When inaction is no longer an option…

President Barack Obama, yesterday, held a conference on the new gun laws on which he had taken executive action. The very fact he had to take unilateral action in order to bring this to law is unbelievable. Even so, it is a huge step in the right direction for the United States and for gun control. 

When I was in 1st year of high school, my youngest sister was in Primary 1 – in Scotland, the first year of primary school. She was 5 years old in March 1996.  

A lone gunman went on a shooting spree at Dunblane Primary School, Scotland on March 13th 1996. Thomas Hamilton shot at random in a school gym and killed 15 children and their teacher in the space of 3 minutes. The children were a primary one class of 5 and 6 years olds. 

My baby sister sat in a primary one classroom 50 miles away when this happened. It could have been her. 

Within months, gun laws in the UK had changed, making it almost impossible to own a gun without legitimate  reason and completing reams and reams of paperwork. Such was the outrage and horror at what had taken place in that school gym that the change in law was not questioned. Our heartbreak was demonstrated through the legacy that we left in the wake of that awful day. 

On the 14th December 2012,  a lone gunman attacked an elementary school on Newtown, Connecticut. Adam Lanza fatally shot 20 children and 6 staff members. The children who lost their lives were just 6 and 7 years old. The children were being shielded by their teachers. 

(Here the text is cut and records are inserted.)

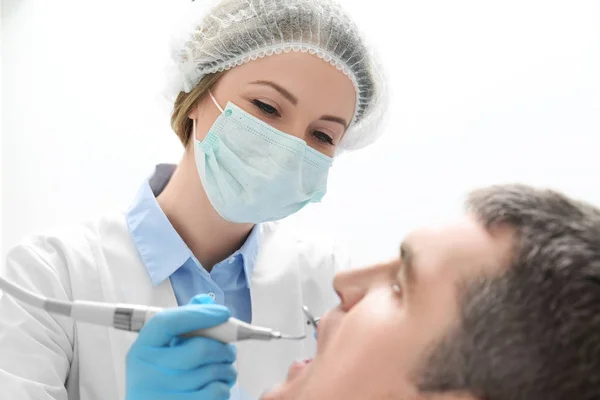Tandarts onderzoekt tanden patiënt in kliniek — Stockfoto
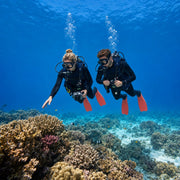 Two divers hovering over a sunlit coral reef trailing bubbles, Scuba Diving experience gift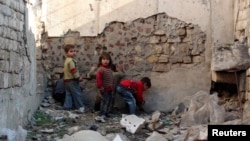 Children play in the old city of Aleppo, Syria, Feb. 4, 2014.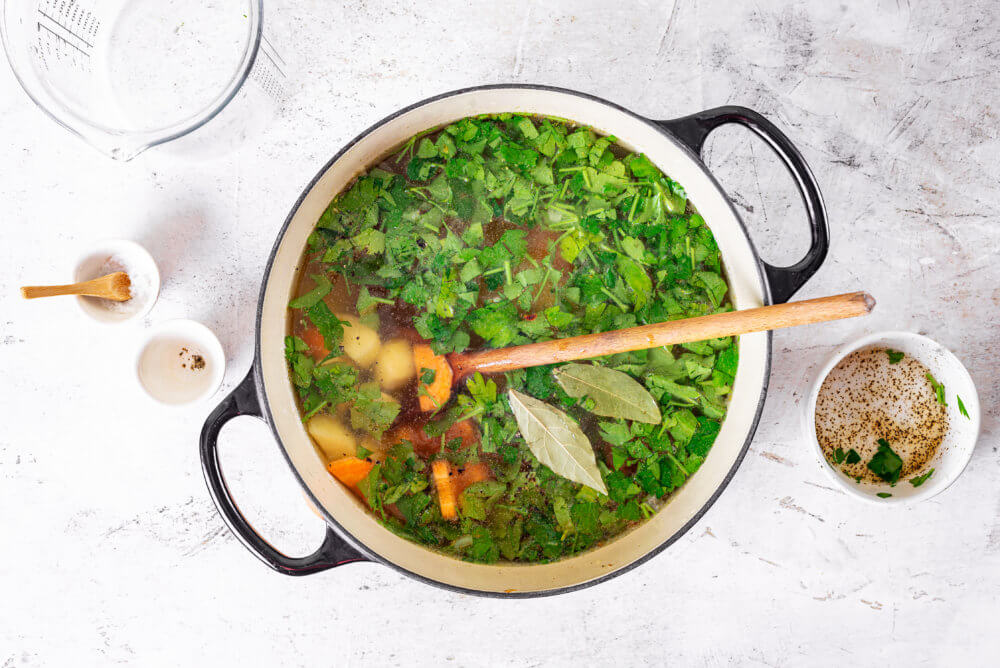 Sorrel soup in a large soup pot with a wooden spoon mixing the ingredients.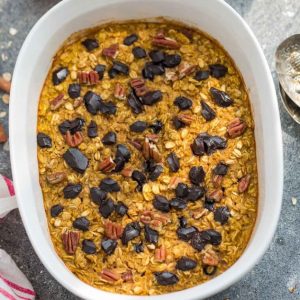 Top view of Pumpkin Baked Oatmeal in a white casserole dish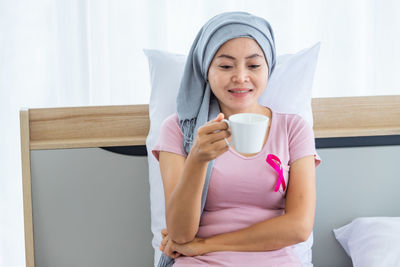 Young woman drinking water from coffee cup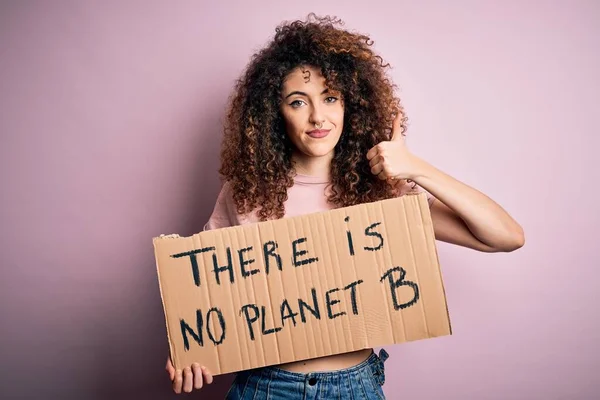 Young beautiful activist woman with curly hair and piercing protesting asking for change planet happy with big smile doing ok sign, thumb up with fingers, excellent sign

Yet, President Obama was faced with a blockade on his proposed changes to gun legislation. In the face of multiple school shootings and the tens of thousands of people who are killed in shootings every year in the States, there was nothing. Inaction. 

When I think about my day-to-day working life, those who know me know that I wouldn’t hesitate to shield the children I teach. My best friend once told me that terrified her but she knows there would be no other choice. I hate that it is a reality of my teaching life that I have to think through what I would do were I placed in that situation. Yet, I know I would do no less than what those teachers did. 

Even so, I thankfully work in places where that reality is distant. But for my fellow teaching colleagues in the USA, it is frighteningly real. 

President Obama, yesterday, took executive action on gun legislation, making it much harder for guns to fall into the hands of someone with horrifying intentions. As I watched Obama speak and breakdown as he spoke of the lives lost meaninglessly, I felt a sense of hope that the changes might finally come. 

Seeing a world leader in tears over what he feels is his failure to protect his people is heartbreaking, moving, and ultimately, motivating. His desire and passion for change is strong. I can only hope these changes will make the difference.